Now, it's not that I think the whole psuedo-streaking episode gave Blackburn the extra few minutes they needed to score that goal. No, the match length wasn't altered. But there is a big difference when time gets taken out of 'normal time' and added to 'stoppage time'. Because when a fourth official holds up his board and it indicates 3 added minutes, that's pretty normal. But hold up the board with 5 minutes on it and it's a different story.
When the big 5 was displayed the dulcit and dreary Blackburn fans were suddenly galvanised and erupted in an orgy of cheers at this news of their team being given a lifeline.
"5 minutes! Cor blimey, we can actually win this thing!"
The team, on hearing their fans newfound belief, were all of a sudden of a similar mind that all was not lost, and that one final push might salvage something.
It bloomin' did. I won't go into details.
The closest thing to a comforting thought that I can cling to is that this team feels as peed off about it as I do. I knew when my head was down after the game, their heads were down with me, chewing over the cold determination that justice would be served in the replay. I know this because only a team that cared that much could give that kind of gladiatorial performance.

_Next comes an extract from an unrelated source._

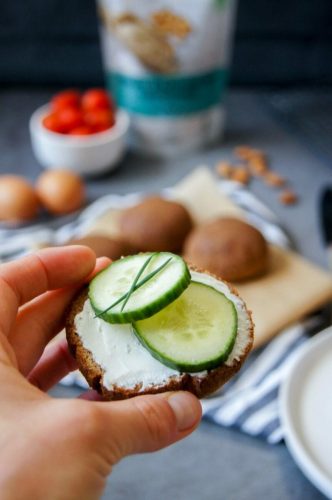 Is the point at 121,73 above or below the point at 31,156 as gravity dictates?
above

Next time it'll be at our place, and we don't indulge in letting morons onto our pitch.
Managers seem to come and go through doors: in through the front door or out through the back door. Players, it seems, come and go through windows. Transfer windows to be precise, and this latest one has just closed leaving players stuck inside gazing out, perhaps.
The two City players who made their exit through this last window had a helping hand from Chris Coleman who opened the window as wide as he good to get rid of these two misfits (Julian Gray and Michael Mifsud in case you missed last week.) In fact I wouldn't be surprised if Coleman opened all the windows, including the French ones to let them out.

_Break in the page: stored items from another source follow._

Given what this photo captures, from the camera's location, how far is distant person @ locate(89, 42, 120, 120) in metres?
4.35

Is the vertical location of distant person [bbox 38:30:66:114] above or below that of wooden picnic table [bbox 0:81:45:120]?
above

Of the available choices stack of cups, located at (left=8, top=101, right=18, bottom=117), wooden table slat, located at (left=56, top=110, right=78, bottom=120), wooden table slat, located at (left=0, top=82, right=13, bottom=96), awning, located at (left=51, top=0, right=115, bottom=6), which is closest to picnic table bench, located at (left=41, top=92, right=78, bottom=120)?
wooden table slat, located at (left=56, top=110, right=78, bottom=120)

Thankfully the rest of City's squad were kept well away from any windows. Danny Fox worried me the most. There comes a point where so many rumours fly about that they seem to amalgamate into some kind brothy truth.
In the end there wasn't even a bid for our left-back lieutenant and my fears turned into mere mild embarrassment at how worried I had become over his fictional exit.
Keiren Westwood and Aron Gunnarsson are City's other prize possesions and were kept away from the window by wise Coleman. Gunnarsson even got shipped off to sunny Tenerife. I think that was in case of this scenario:
*Ring ring*
Mr Ranson: "Hello"
Big-club Supremo: "I'd like to speak with Mr Gunnarsson about a possible move please."
Mr Ranson: "Sorry, my friend, Aron's off in Tenerife. You could go find him, but I guess getting a flight might be a problem with all this snow..."
*Dialling tone*
Mr Ranson: "Hello?"
Actually, all he had to do was get onto Facebook. You can find Aron there. I know because I, like many City fans, am officially his Facebook 'friend'. One of two-and-a-half-thousand odd at the last count.
How many other footballers would invite that kind of attention on themselves? Not only that, Aron even takes time to read and reply to messages (which, judging by the volume of messages, must take some time) as if he was having a chat down his local.
He says it's important to keep in touch with the fans. In doing so he's elavated himself from fans' favourite to fans' hero. Aron's on his way back to Coventry as I type. It's safe now, all the windows are closed.